Conclusion: A model using machine-learning algorithms to automatically classify patients' smoking status was successfully developed. Such algorithms may enable automatic assessment of smoking status and other unstructured data directly from EMRs without manual classification of complete case notes.

Abstract Image

查看原文本刊更多论文

通过自然语言处理和机器学习，可以从电子病历中自动提取和分类患者的吸烟状况。

背景:电子病历(EMR)为临床研究提供了独特的可能性，但由于其非结构化的特性，一些重要的患者属性不容易获得。我们使用机器学习的文本挖掘技术，从瑞典电子病历数据中对吸烟状况的非结构化信息进行自动分类。方法:利用电子病历中患者吸烟状况的数据建立32种不同的预测模型，这些模型使用Weka、改变句子频率、分类器类型、标记化和属性选择在85,000个分类句子的数据库中进行训练。基于8500个句子的样本外测试数据，使用f分数和准确性对模型进行评估。利用误差权重矩阵选择最佳模型，对每种错误分类分配一个权重，并将其应用到模型混淆矩阵中。然后将表现最好的模型与基于规则的方法进行比较。结果:表现最好的模型是基于支持向量机(SVM)顺序最小优化(SMO)分类器，使用单图和双图的组合作为标记。句子频率和属性选择并没有提高模型的性能。SMO的准确率为98.14%，f分数为0.981，而基于规则的模型的准确率为79.32%，f分数为0.756。结论:成功建立了一种基于机器学习算法的患者吸烟状态自动分类模型。这种算法可以直接从电子病历中自动评估吸烟状况和其他非结构化数据，而无需手动对完整的病例记录进行分类。

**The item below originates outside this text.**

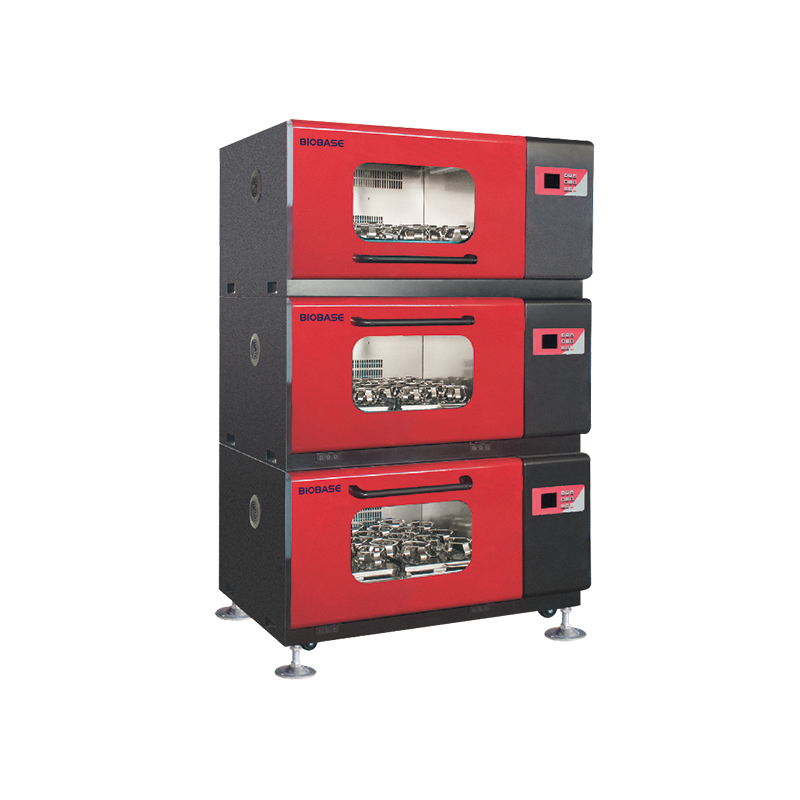 Stacked Large Capacity Incubadora com agitação (BJPX-N/RN) BIOBASE BJPX-2012N / BJPX-2012RN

本文章由计算机程序翻译，如有差异，请以英文原文为准。

求助全文

约1分钟内获得全文求助全文

来源期刊

Upsala journal of medical sciences 医学-医学：内科

CiteScore

5.60

自引率

0.00%

发文量

审稿时长

6-12 weeks

期刊介绍： Upsala Journal of Medical Sciences is published for the Upsala Medical Society. It has been published since 1865 and is one of the oldest medical journals in Sweden. The journal publishes clinical and experimental original works in the medical field. Although focusing on regional issues, the journal always welcomes contributions from outside Sweden. Specially extended issues are published occasionally, dealing with special topics, congress proceedings and academic dissertations.